**Source material:**
§ §

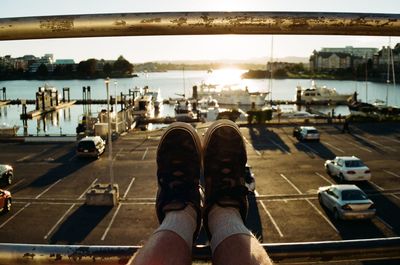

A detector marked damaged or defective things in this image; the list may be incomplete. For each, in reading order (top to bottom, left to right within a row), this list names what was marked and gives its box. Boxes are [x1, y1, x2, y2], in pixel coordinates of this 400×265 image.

rusty metal railing [0, 12, 398, 40]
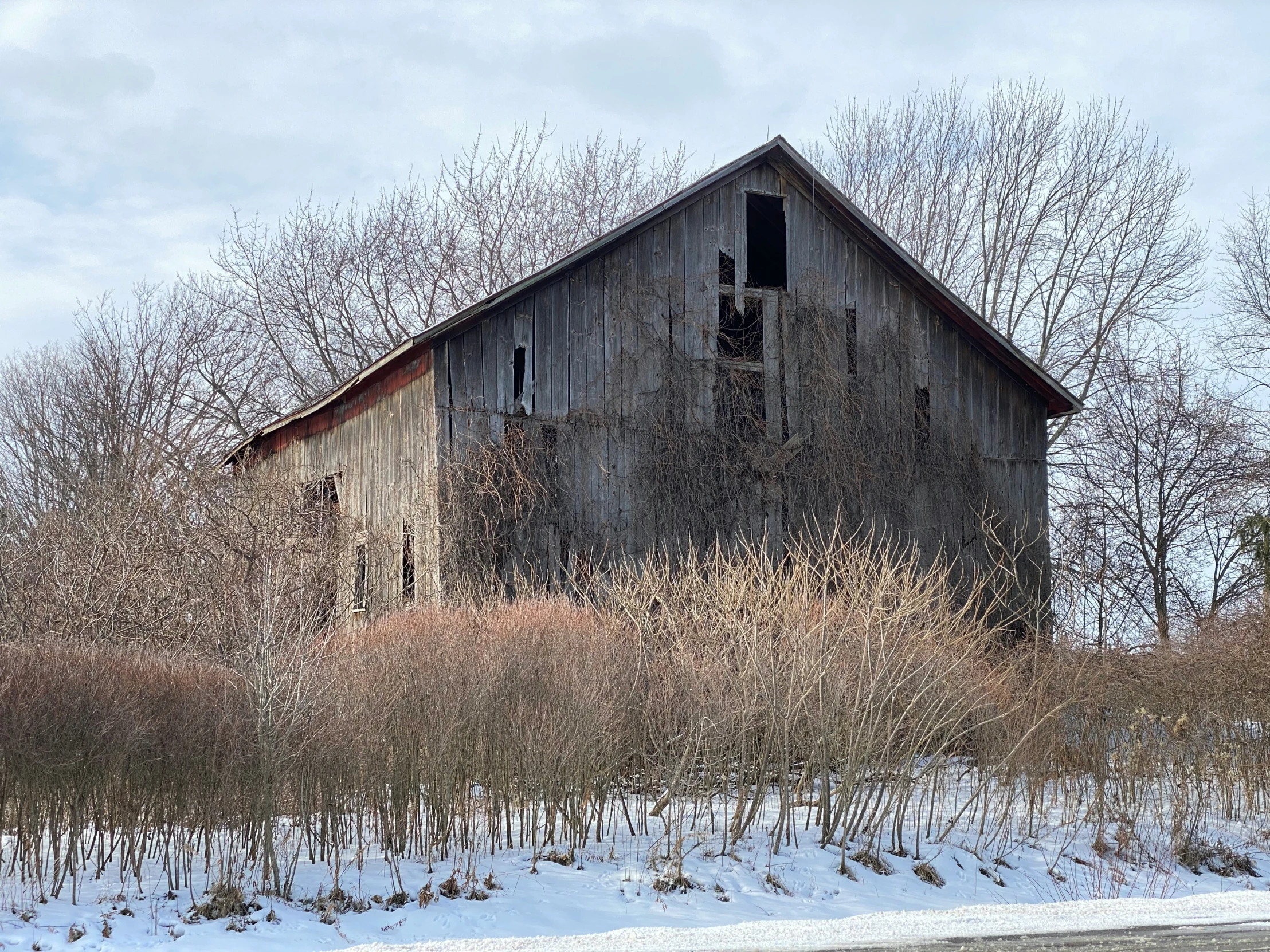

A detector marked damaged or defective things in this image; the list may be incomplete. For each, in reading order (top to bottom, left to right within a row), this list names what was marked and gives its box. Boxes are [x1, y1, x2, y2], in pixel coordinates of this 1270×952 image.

broken window [743, 191, 779, 286]
broken window [509, 346, 525, 403]
broken window [844, 309, 857, 376]
broken window [908, 385, 931, 449]
broken window [351, 548, 367, 614]
broken window [401, 522, 415, 605]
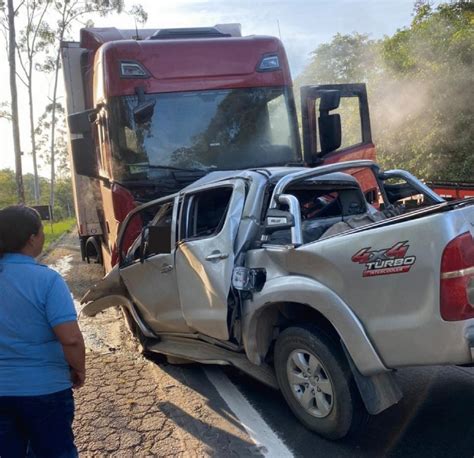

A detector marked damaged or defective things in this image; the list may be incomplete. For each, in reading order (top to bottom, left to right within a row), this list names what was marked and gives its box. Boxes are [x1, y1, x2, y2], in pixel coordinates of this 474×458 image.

shattered windshield [108, 86, 300, 181]
severely damaged pickup truck [81, 159, 474, 438]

§ §

**Problem requirements:** Retype all entries exactly; omit pictures.

**Written answer:**
A detector marked damaged or defective things in this image; the list may be incomplete. For each, in reading order (top to bottom, left to right within a row), this list names what was marked and gives its box. Boxes are [x1, y1, x2, y2], in pixel coordinates of this 400×265 image.

rusty metal railing [0, 12, 398, 40]

A detector marked damaged or defective things in this image; the list may be incomplete. For each, in reading order (top to bottom, left to right within a row), this list names what was marked and gives its box. Boxes are [x1, y1, x2, y2], in pixel coordinates of this 1270×952 image.

broken window [743, 191, 779, 286]
broken window [509, 346, 525, 403]
broken window [844, 309, 857, 376]
broken window [908, 385, 931, 449]
broken window [351, 548, 367, 614]
broken window [401, 522, 415, 605]

A detector marked damaged or defective things in this image; the list may be incomplete. For each, in reading order (top to bottom, left to right within a row), this list names what was marked and gives its box. Boxes are [x1, y1, x2, y2], in pixel coordinates of this 474×458 image.

shattered windshield [108, 86, 300, 181]
severely damaged pickup truck [81, 159, 474, 438]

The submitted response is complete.